Reuters’in görüştüğü bir düzine çevre sağlığı uzmanı, yıkılan binalardan yayılan devasa toz bulutlarının zehirleri nehirlere, bitkilere, akciğerlere ve organlara taşıdığını ve gelecek yıllarda ciddi sağlık sorunlarına yol açma riski taşıdığını söyledi.
Depremin geride bıraktığı enkazın hacmi, diğer büyük felaketlerle karşılaştırıldığında bile muazzamdır. Birleşmiş Milletler bu felaketin 1999’da Türkiye’de meydana gelen son büyük depremin en az 10 katı kadar enkaz bıraktığını tahmin ediyor.

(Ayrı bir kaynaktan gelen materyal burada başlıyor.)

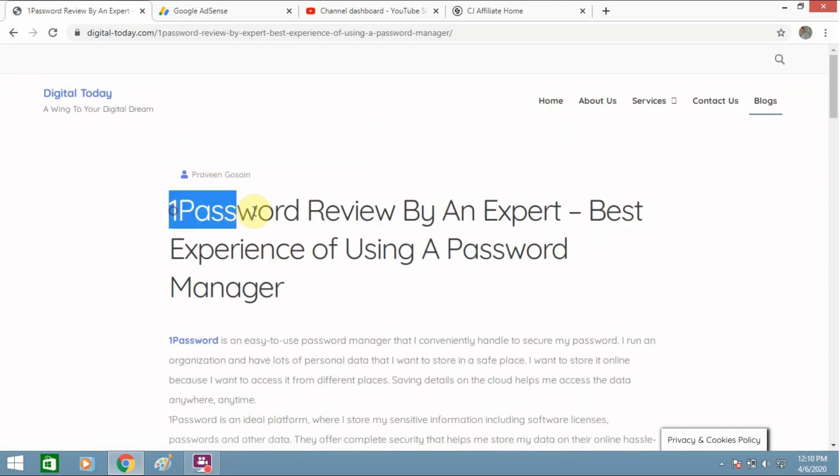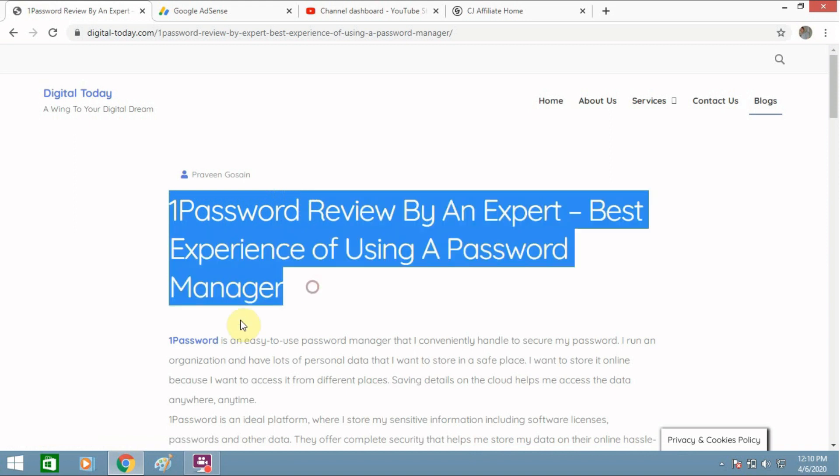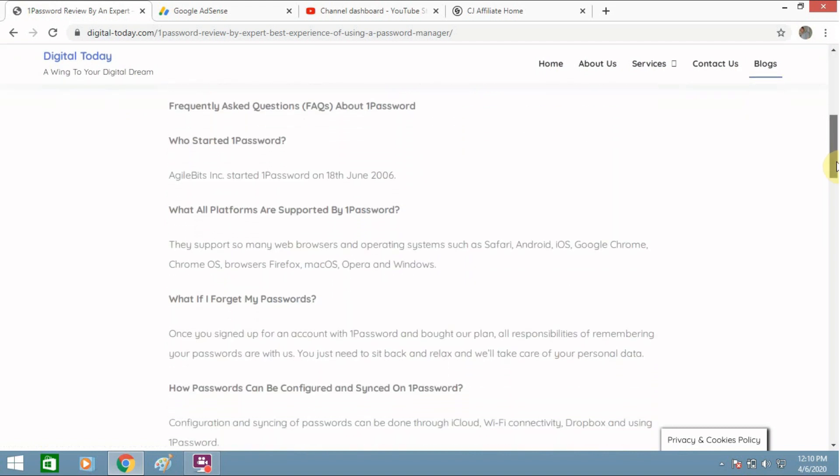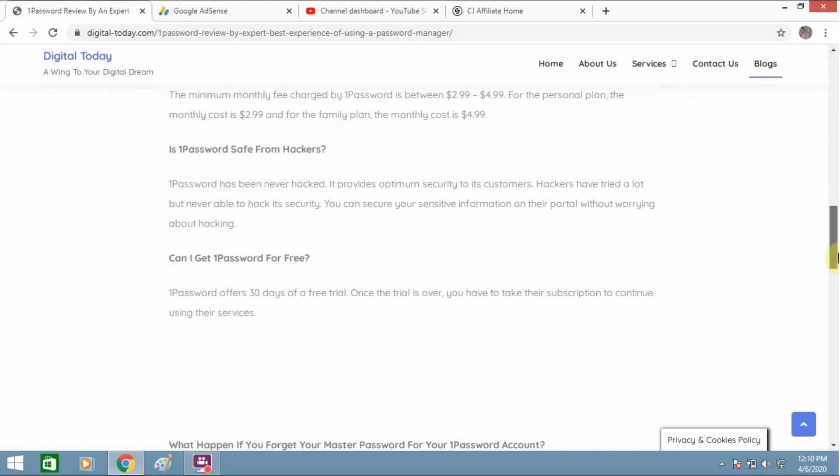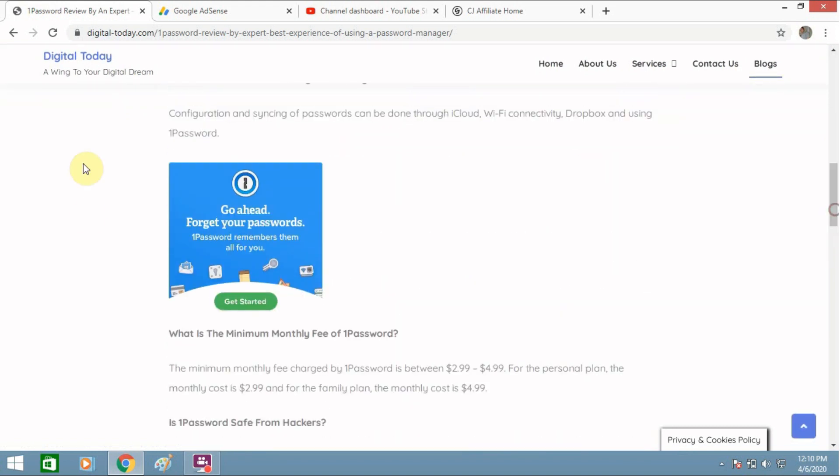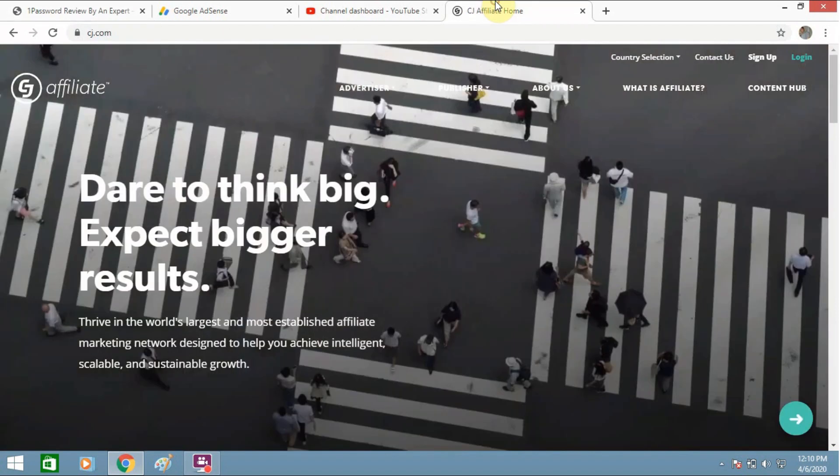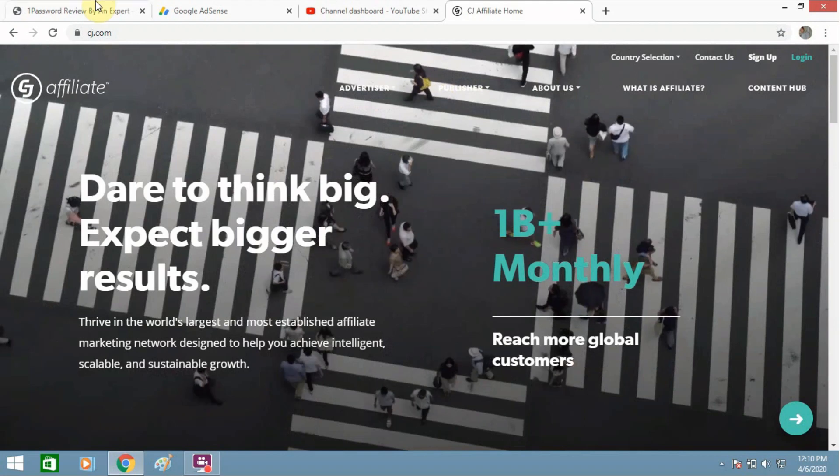Like this is one password review. I have written this review and you can see these are the links which I have mentioned. These are affiliate marketing links. You can see these ads, this is not from Google AdSense, this is from affiliate marketing. And I have directly taken this link from the site Commission Junction.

Çok sayıda görgü tanığı raporuna ve televizyon görüntülerine göre, birçok yerde insanlar enkaz dağlarını temizlemek için koşuşturmuş ve binaların içindekileri gelişigüzel atmışlardır.
Bazı uzmanlar toksik kirlenmeden kaynaklanan ‘ikincil bir felaketin’ depremlerden bile daha şiddetli olabileceğini söyledi.
İnşaat mühendisi ve Türkiye Asbest Söküm Uzmanları Derneği Başkanı Mehmet Şeyhmus Ensari, “İyimser bir tahminle 3 milyon kişinin hasta olacağını söyleyebilirim” dedi.
Türkiye Çevre, Şehircilik ve İklim Değişikliği Bakanlığı, Sağlık Bakanlığı ve Afet Yönetimi Başkanlığı (AFAD) bu haber için yapılan açıklama taleplerine yanıt vermedi.
Türkiye’nin depremden en kötü etkilenen bölgelerinden olan Hatay ili, ortaya çıkan sağlık tehlikelerinin boyutunu göstermektedir.
Bereketli Hilal olarak bilinen bölgenin bir parçası olan 1,7 milyon nüfuslu il, tarımsal üretim ve gıda endüstrisi için kritik öneme sahiptir ve BM Gıda ve Tarım Örgütü’ne göre Türkiye’nin tarımsal Gayri Safi Yurtiçi Hasılasının (GSYH) %14,5’ini oluşturmaktadır.
Atıkları bertaraf etme çabaları o kadar gelişigüzel ki, bazı yerel halk daha iyi koruma için her hafta protesto gösterileri düzenliyor. Nisan ayında bir grup sağlık görevlisi, çevre mühendisi ve avukat evlerin, hastanelerin, ibadethanelerin, zeytinliklerin ve kıyı sulak alanlarının yakınına çöp dökülmesini durdurmak için dava açtı.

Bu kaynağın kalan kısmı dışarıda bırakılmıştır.